*** Supplied entries ***
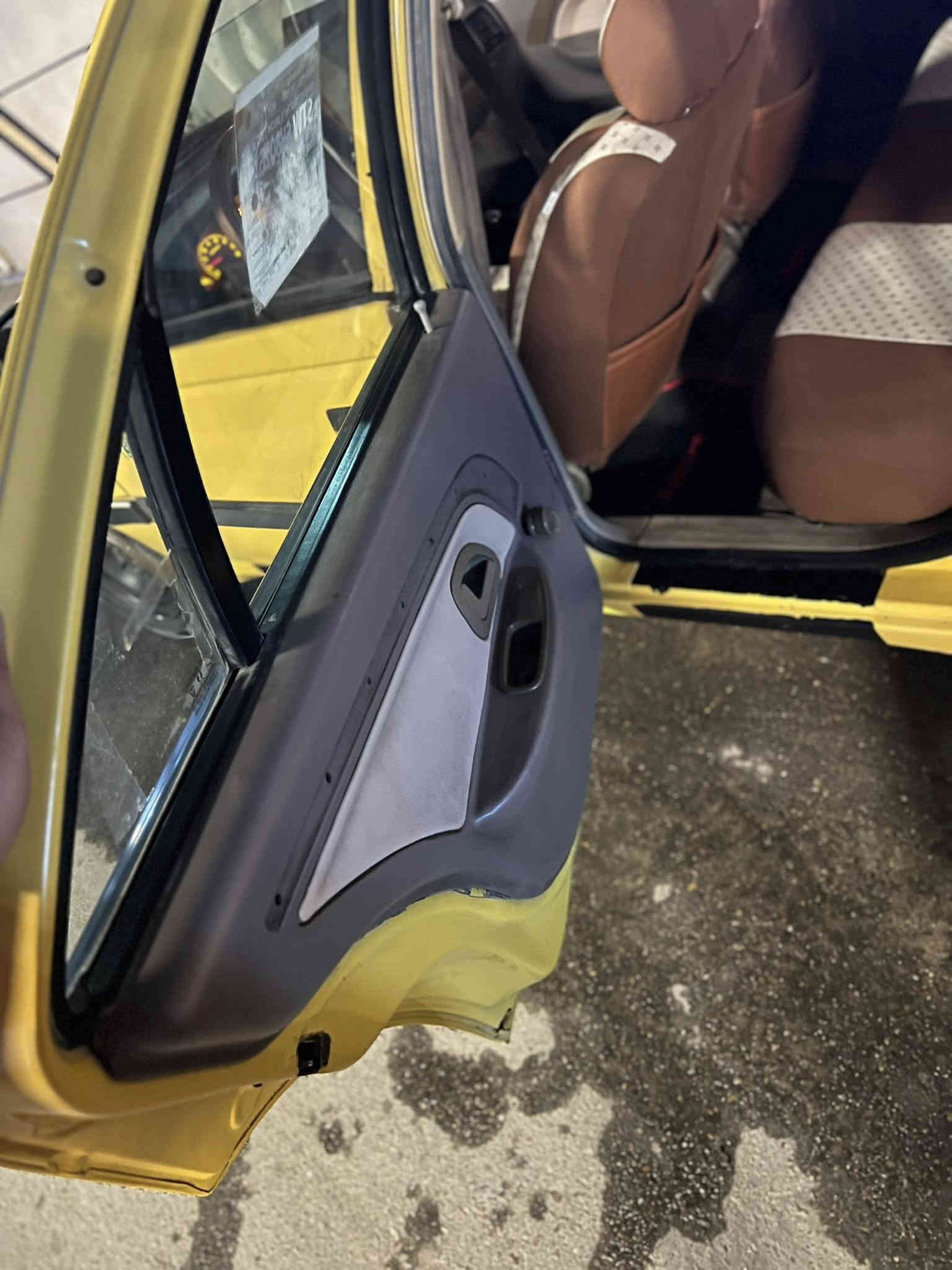 السلام عليكم سياره بيجوا 405 موديل 2015  باسمي رقم نكليزي مصفره من الهيئة  والغرمات تحويل ثاني يوم سنوية الى 2030  كير فرنسي مكينة صافية السيارة كبل للشارع 
السعر 39 مجال بسيط 
العنوان بغداد الدورة ابودشير رقم***********
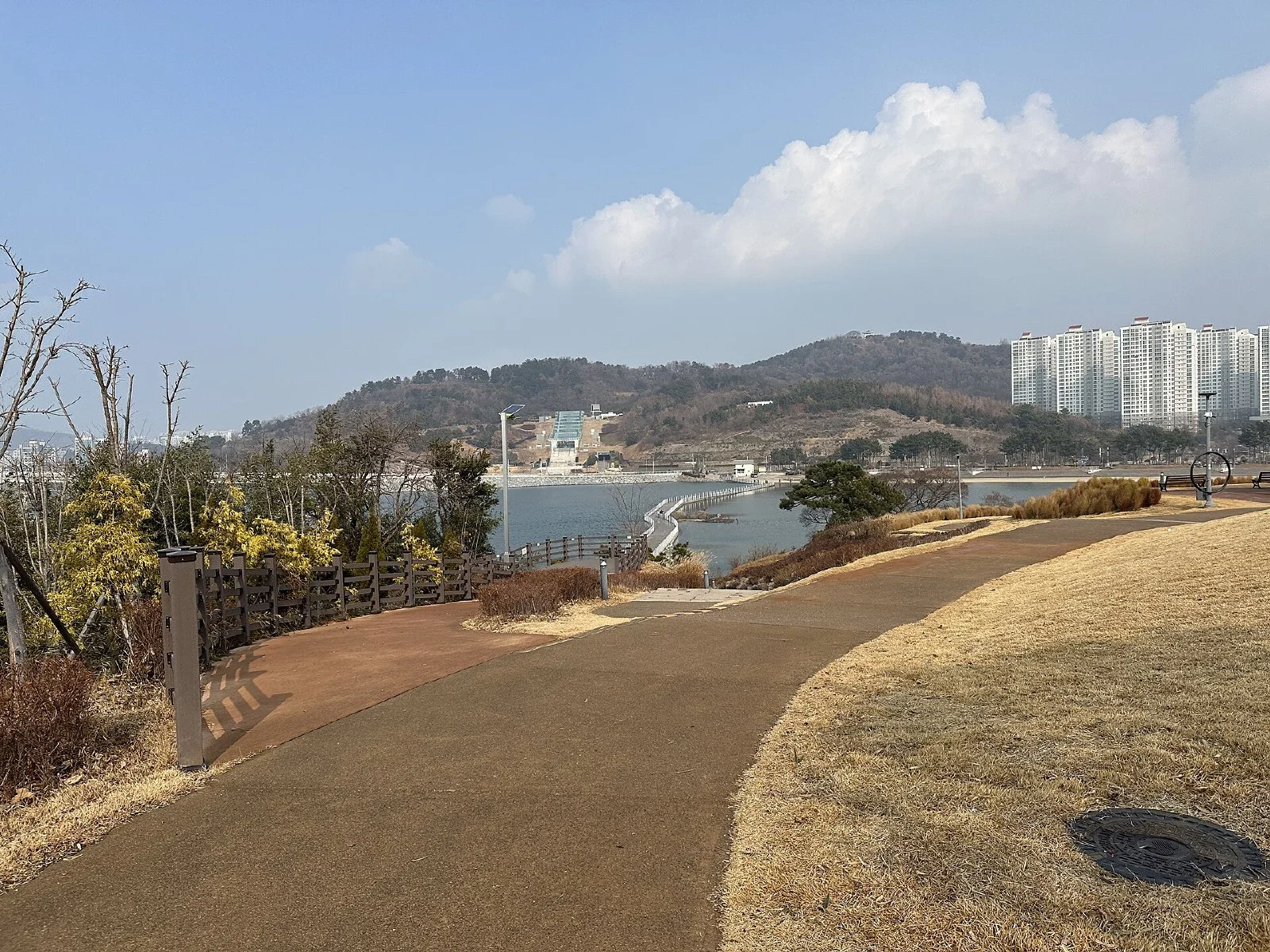 여수 장도 일대의 바다와 섬 풍경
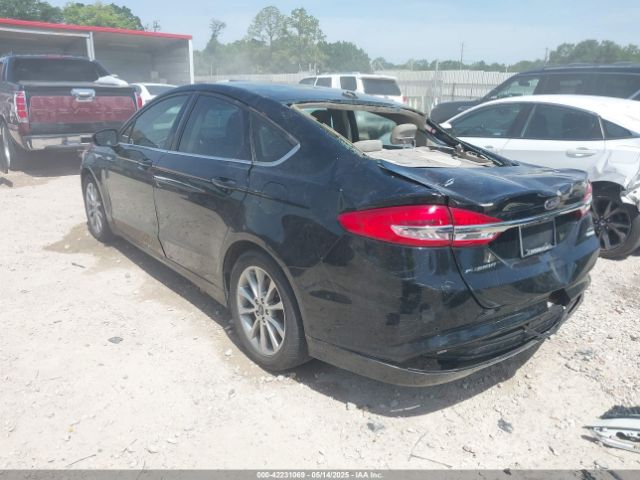 3FA6P0HDXHR198388 Ford FUSION SE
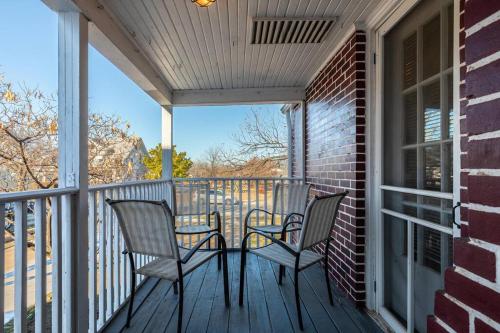 Μπαλκόνι ή βεράντα στο Grand Performance Home 3 min to Downtown, Stockyard, AT&T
*** End of Supplied entries ***
### Work to complete:
Every word of the data should be reproduced exactly; please omit any pictures.

### Solution to the exercise:
 السلام عليكم سياره بيجوا 405 موديل 2015  باسمي رقم نكليزي مصفره من الهيئة  والغرمات تحويل ثاني يوم سنوية الى 2030  كير فرنسي مكينة صافية السيارة كبل للشارع 
السعر 39 مجال بسيط 
العنوان بغداد الدورة ابودشير رقم***********
 여수 장도 일대의 바다와 섬 풍경
 3FA6P0HDXHR198388 Ford FUSION SE
 Μπαλκόνι ή βεράντα στο Grand Performance Home 3 min to Downtown, Stockyard, AT&T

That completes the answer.